§ **What is needed**: Down to the last line, transcribe the records verbatim and exclude the images.

(Short text fragments from websites)

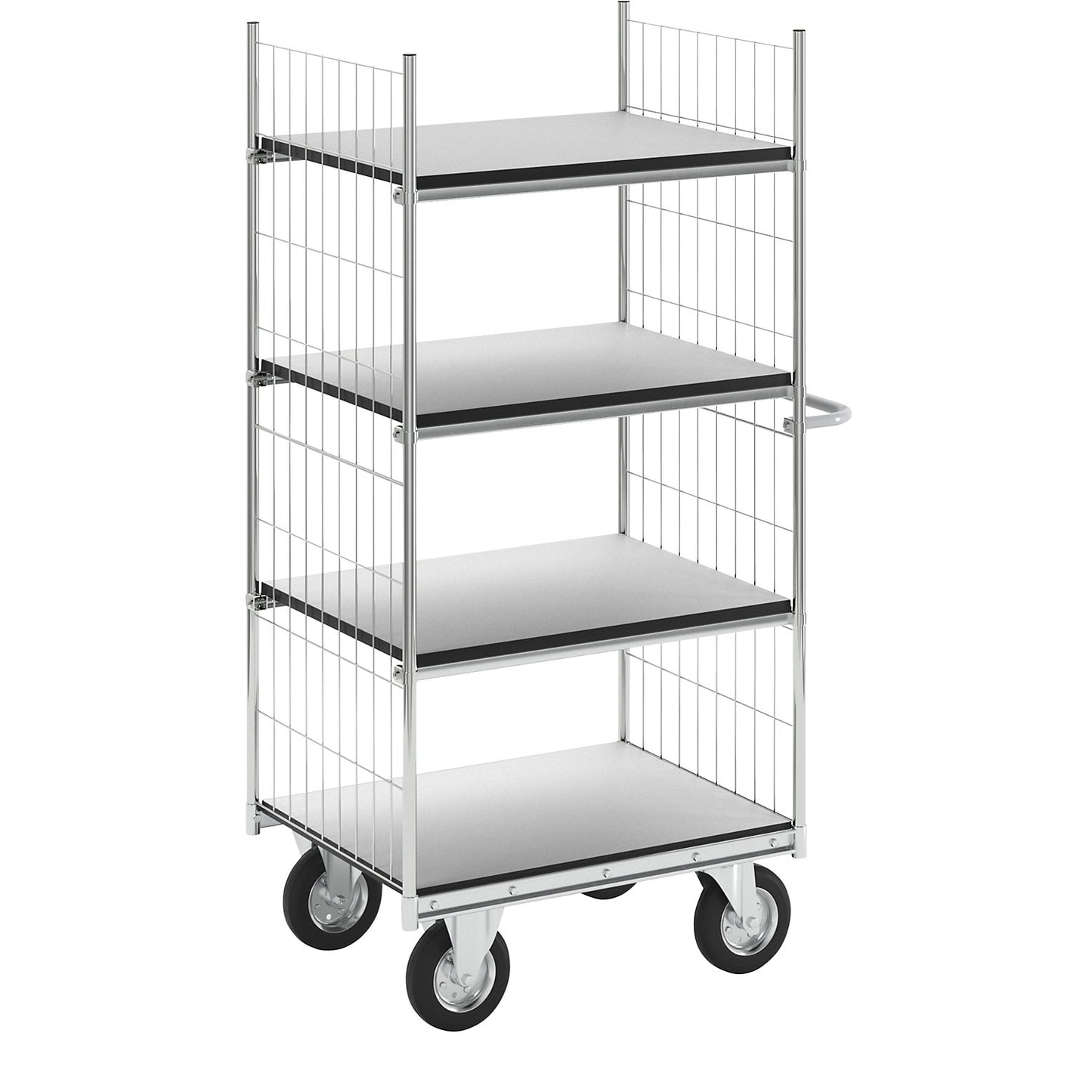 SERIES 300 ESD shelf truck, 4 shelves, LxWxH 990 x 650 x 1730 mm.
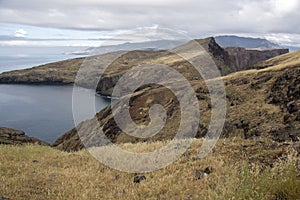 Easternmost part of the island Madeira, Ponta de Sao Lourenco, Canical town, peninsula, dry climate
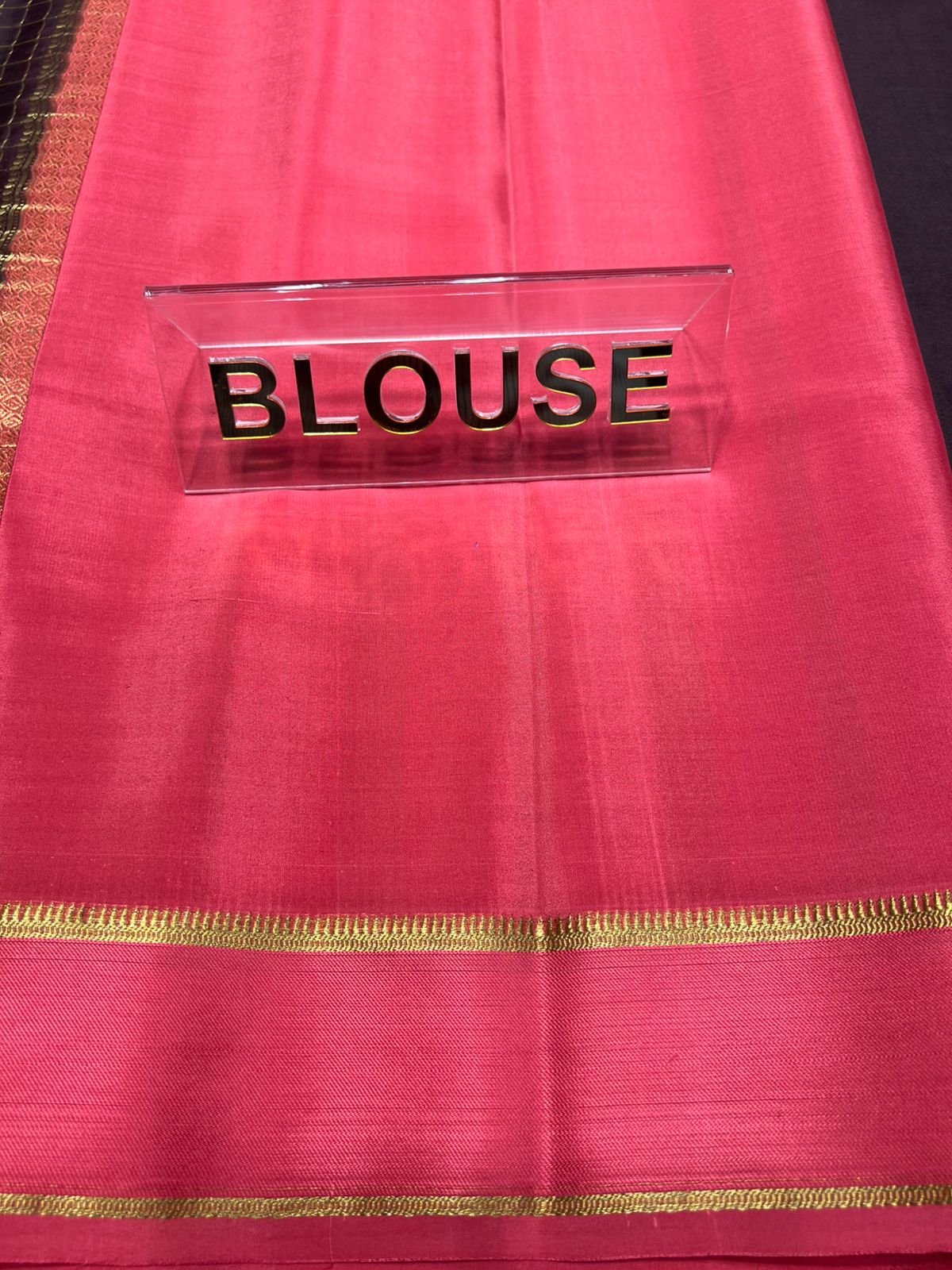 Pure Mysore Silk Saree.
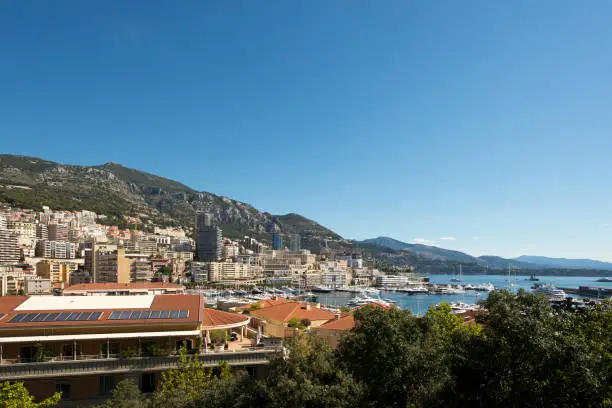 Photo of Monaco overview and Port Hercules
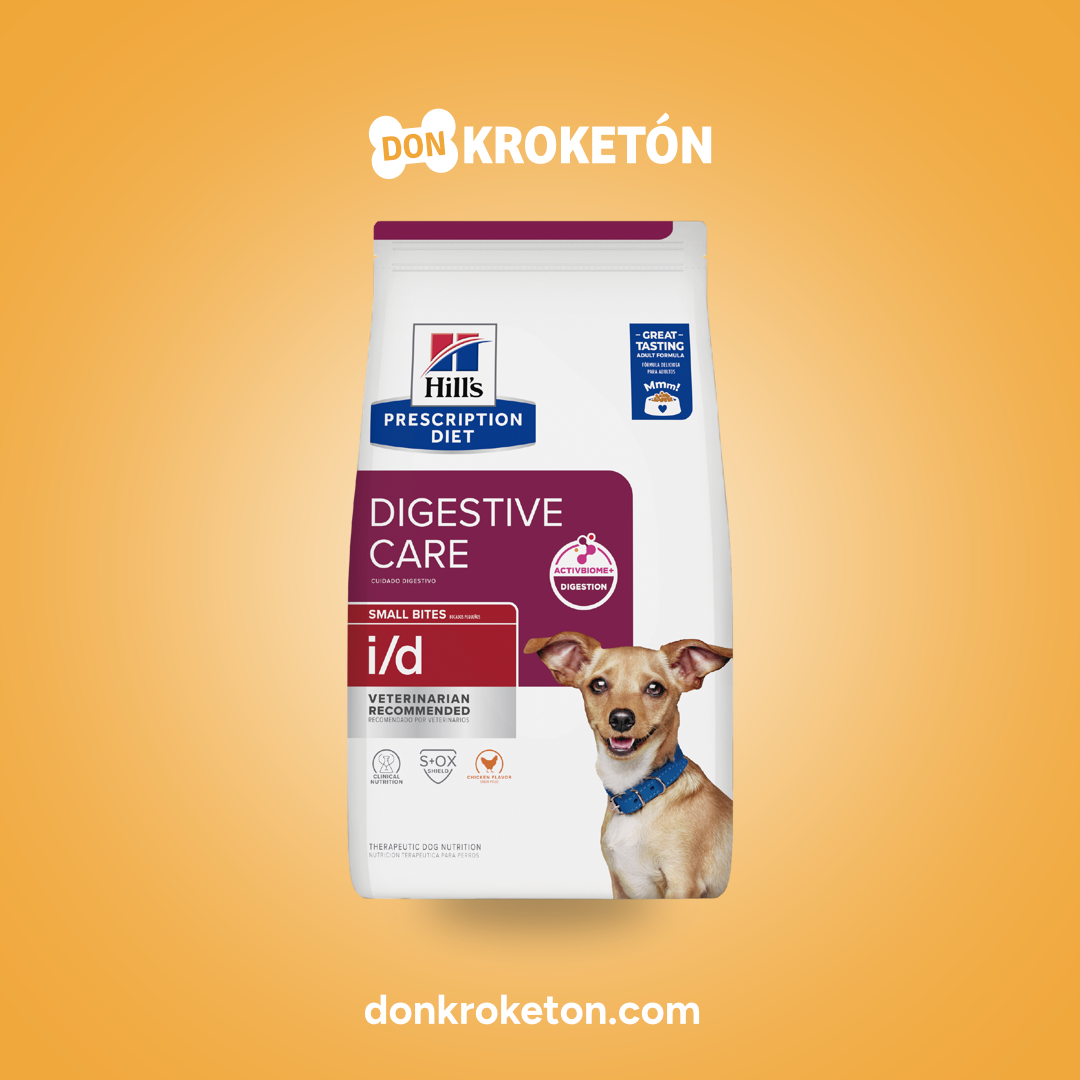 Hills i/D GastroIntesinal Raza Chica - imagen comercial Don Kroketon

§ **Exercise output**:
 SERIES 300 ESD shelf truck, 4 shelves, LxWxH 990 x 650 x 1730 mm.
 Easternmost part of the island Madeira, Ponta de Sao Lourenco, Canical town, peninsula, dry climate
 Pure Mysore Silk Saree.
 Photo of Monaco overview and Port Hercules
 Hills i/D GastroIntesinal Raza Chica - imagen comercial Don Kroketon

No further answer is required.